Information supplied
★ ★ ★ ★ ★ ★ ★

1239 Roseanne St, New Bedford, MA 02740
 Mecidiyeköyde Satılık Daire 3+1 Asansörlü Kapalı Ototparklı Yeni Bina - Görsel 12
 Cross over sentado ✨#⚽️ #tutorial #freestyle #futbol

★ ★ ★ ★ ★ ★ ★

Task details
Nothing but the complete listing, repeated exactly, belongs in the answer.

Exercise result
1239 Roseanne St, New Bedford, MA 02740
 Mecidiyeköyde Satılık Daire 3+1 Asansörlü Kapalı Ototparklı Yeni Bina - Görsel 12
 Cross over sentado ✨#⚽️ #tutorial #freestyle #futbol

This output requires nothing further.